Without Veep in the Emmys Race, Can Another Female-Driven Show Win?

Awards


With HBO’s three-time winner sitting out this year, shows such as ‘GLOW’ and ‘The Marvelous Mrs. Maisel’ are vying for the series prize amid the momentum of #MeToo and Time’s Up.

With HBO’s dominant comedy Veep absent this year, a slew of other female-driven shows are vying to take the three-time winner’s place in the best comedy series race. Among them are period pieces like Amazon’s new entry, 1950s-set The Marvelous Mrs. Maisel, and Netflix’s ’80s wrestling comedy GLOW, along with contemporary working-class series like Showtime’s SMILF and Netflix’s One Day at a Time. The rebooted Roseanne likely also would have been a part of the conversation, but ABC squashed its campaign after canceling the show May 29 due to a racist tweet by Roseanne Barr.

Grappling with sexual abuse and gender inequality, these shows’ characters are more relatable and relevant today than ever. It’s not that such series will be rewarded just for having a feminist message, but with the momentum of #MeToo and Time’s Up, there’s no question that topical themes raise a show’s profile and enhance its resonance.

Oddly, period pieces address the present moment in an especially acute way. They offer viewers the opportunity to feel and celebrate how far we’ve come, coupled with a nagging awareness of how little some things have changed.

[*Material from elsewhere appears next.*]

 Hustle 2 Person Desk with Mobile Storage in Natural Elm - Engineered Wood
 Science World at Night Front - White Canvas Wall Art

Amy Sherman-Palladino’s Mrs. Maisel, which already has earned the 2018 Golden Globe for comedy series, has become a frontrunner based on its lead, Midge (Rachel Brosnahan), a 21st century heroine plopped into a less enlightened time. While Midge has internalized the values of the 1950s — even wearing makeup to bed so her husband won’t see her natural face — she finds her identity and career as a stand-up after her husband leaves her, delivering empowering onstage rants about gender inequality that still ring true today. “Why do women have to pretend to be something that we’re not?” she asks in her fledgling stand-up act. “Why do we have to pretend to be sorry when we have nothing to be sorry about?”

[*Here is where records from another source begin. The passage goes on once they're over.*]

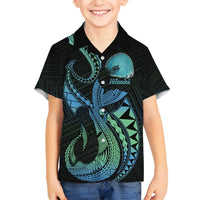 Personalised Hawaii Kure Atoll Family Matching Long Sleeve Bodycon Dress and Hawaiian Shirt Holaniku Coral Reef with Polynesian Tribal LT9 Son's Shirt Blue - Polynesian Pride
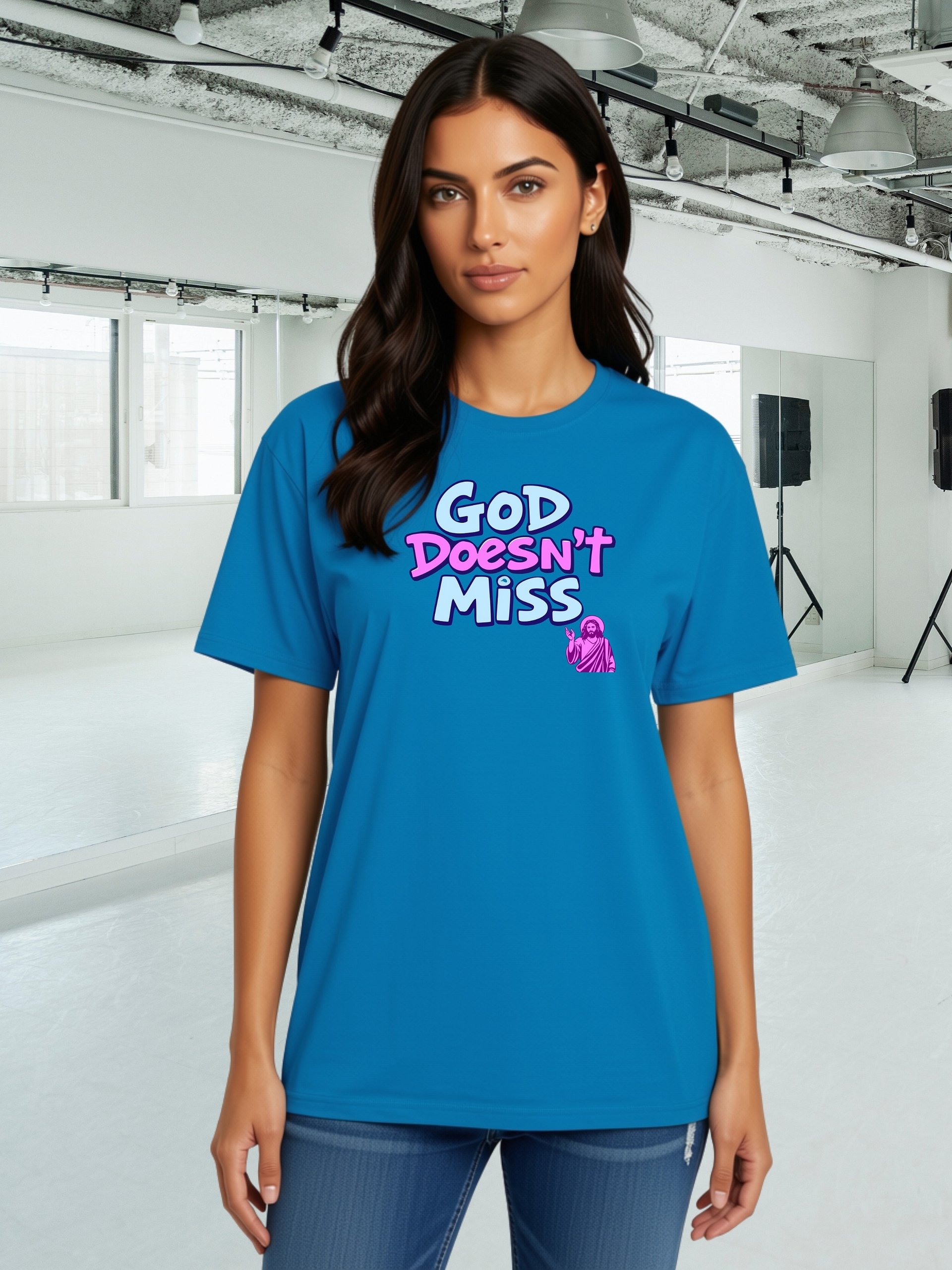 God Doesn’t Miss Pink Design T-shirt product image (1)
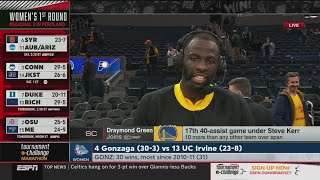 Draymond Green Courtside Interview  Golden State Warriors beat Memphis Grizzlies 137116 [upl. by Raquela]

GLOW, created by Liz Flahive and Carly Mensch, also captures an earlier era, the 1980s, yet feels pertinent as Ruth (Alison Brie), a struggling actress, bemoans how few great roles there are for women onscreen. But the show, which premiered before #MeToo, now lands with a weightier social current. Marc Maron’s character, the wrestling show’s producer, is a casual sexist who jokingly asks the women auditioning to list special skills, including “favorite sexual positions.”

 

Ruth’s mistakes (she had an affair with her best friend’s husband) also make her believable. Bridgette, the single mother Frankie Shaw created and plays on Showtime’s SMILF, is even more of a mess. In the pilot, she leaves her sleeping toddler alone while she runs to a bodega to buy junk food because she has an eating disorder. Through the season, Shaw deepens the character, who is devoted to her child yet determined to claim her own future, even chasing after her dream of playing professional basketball by finally trying out for the team.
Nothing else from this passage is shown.